We learn differently when we teach others. We have to know what we know in a deep way to share it with others. When you realize how much you have to share then, it’s a confident boost. That alone makes mentoring worthwhile, but nurturing the dreams of another is the real payoff. Here are a few guidelines that will help you create a successful partnership for both of you.
Talk openly about what you can offer and develop a structure. My relationship with my mentor Sally-Jo was loose. I sent e-mails when I needed help and she would respond within a couple of days or send me a note letting me know when she would get back to me. This worked for us. But you may decide you want a weekly meeting or a monthly interaction. Don’t over-promise. Create a structure that works for both of you, talk about it, be flexible and remember, you are not to do the work for your mentoree, only to guide them. This can mean a lot of hurry up when a project is in the works and lots of wait time in between. Knowing what’s expected from both of you makes it easy to establish the pace of work together. Also, if you expected to be paid for your services, make that known and decide on a fee. My mentors have always coached me at no charge, and I’ve done the same for others, but if you expect something different make it clear from the get-go.

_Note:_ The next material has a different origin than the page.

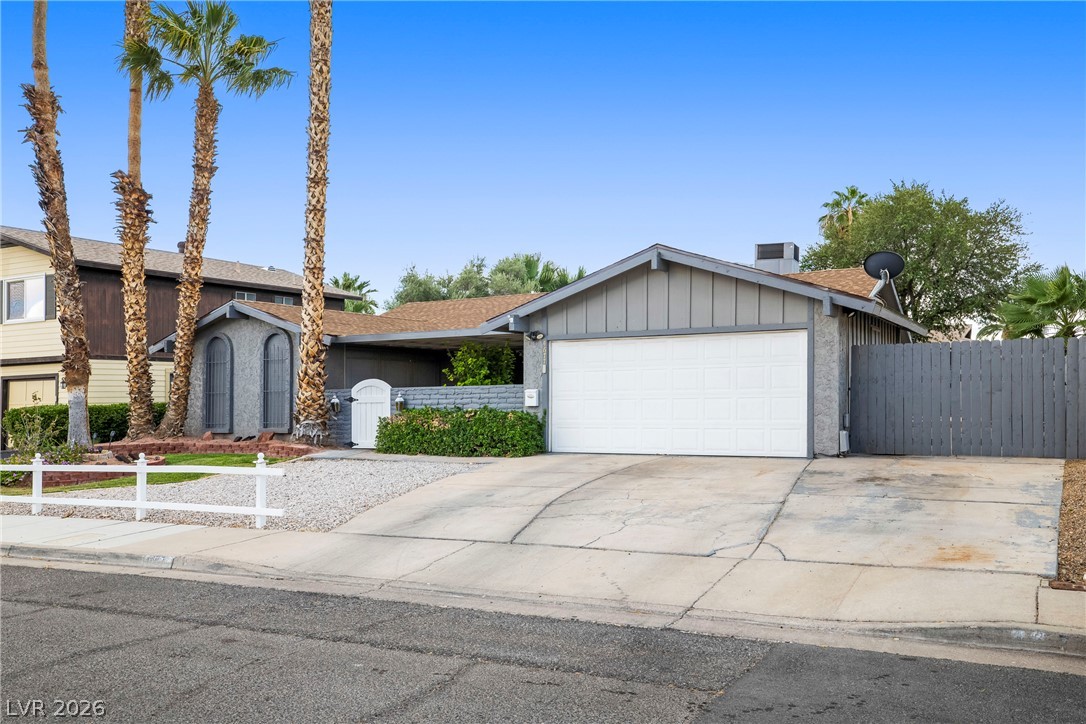 4677 La Fonda Drive Las Vegas NV 89121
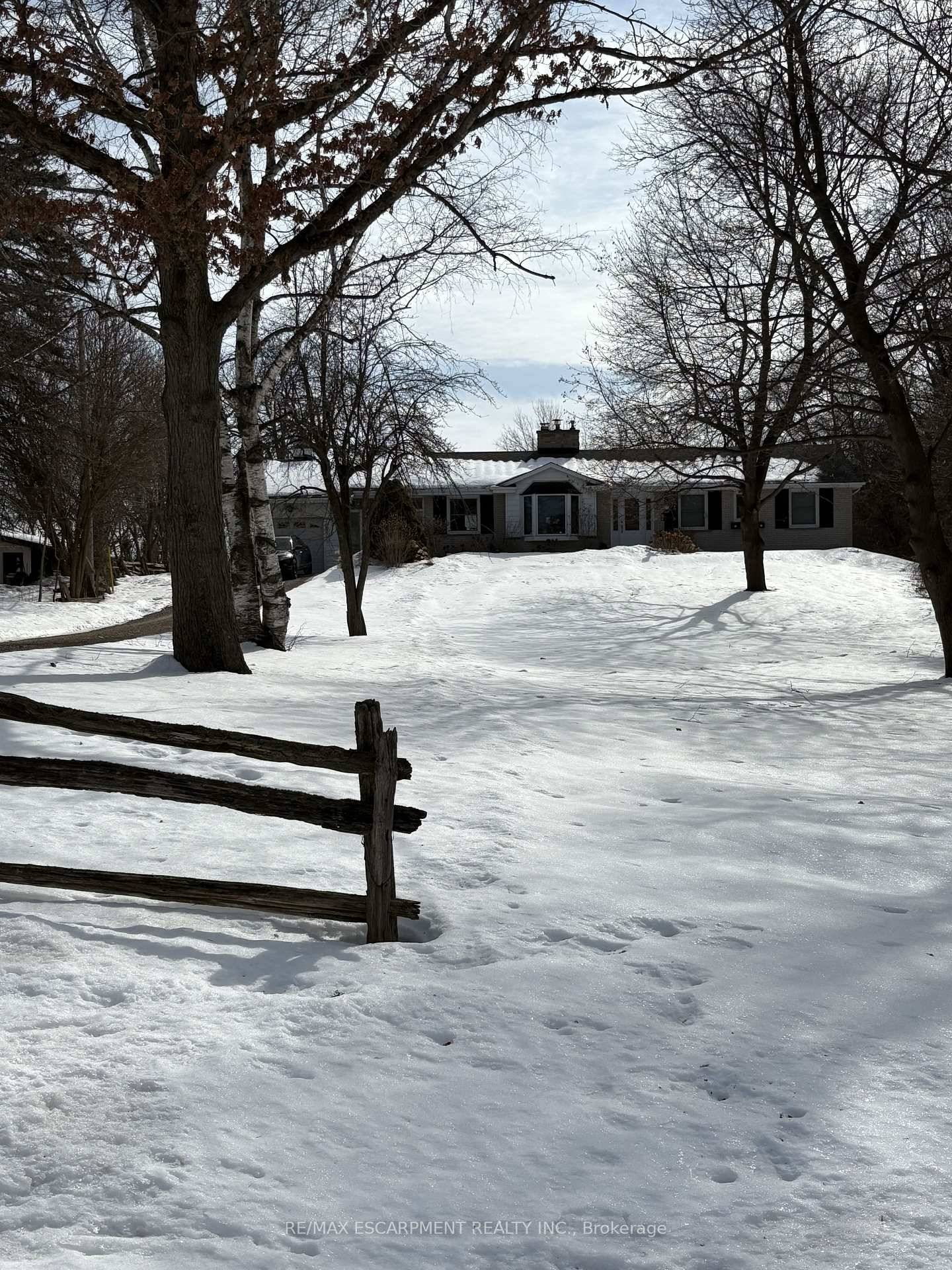 Nestled in the sought after community of Greensville, this charming three bedroom, two bathroom bungalow offers the perfect blend of comfort, space, and breathtaking views.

Do what you say you will. If someone is committed and eager enough to want a mentor, make sure that you keep the momentum going by supporting his efforts. After you develop the structure for the relationship, make sure you stick to it. This doesn’t have to be an everyday, or even an every week kind of deal. But, if you said you’ll call, call. If you committed to a weekly lunch, keep it. If you said you’d make a call, once a month. Keep the date.
Let your mentee drive the relationship. Find out what the person your mentoring wants to know and what would help them the most and deliver that first. Provide information, but also practical application so that the person you are mentoring learns how to integrate the lesson into real life.
Offer information, then let it go. You have great knowledge and wisdom, otherwise you wouldn’t be called on to mentor, but your job now, isn’t to impose your will. You can offer perspective, but ultimately the person you’re guiding determines how to use it. Give what you can, then turn her loose to use your wisdom however she decides.
Stay relevant. As I worked with Sally-Jo the publishing industry changed dramatically. On-line publications and queries became the thing, as did letters of introduction and even phone calls. The style which she was most familiar with, disappeared. So, she got on e-mail and learned the new ways of the evolving industry. One thing about Sally-Jo is that she is always creating, and learning, and growing. She is willing to try new things so she continues to be a a vast resource of relevant knowledge for me. The world is rapidly changing, keep up with it, stay attuned to the changes and you’ll be an important resource for the person you’re coaching.
Enjoy the relationship. It can be extremely satisfying to watch a person you’ve coached excel. Enjoy their success and the time you spend working together. A mentor/mentee relationship can be illuminating for both of you and contains many inherent gifts, look for them and appreciate them.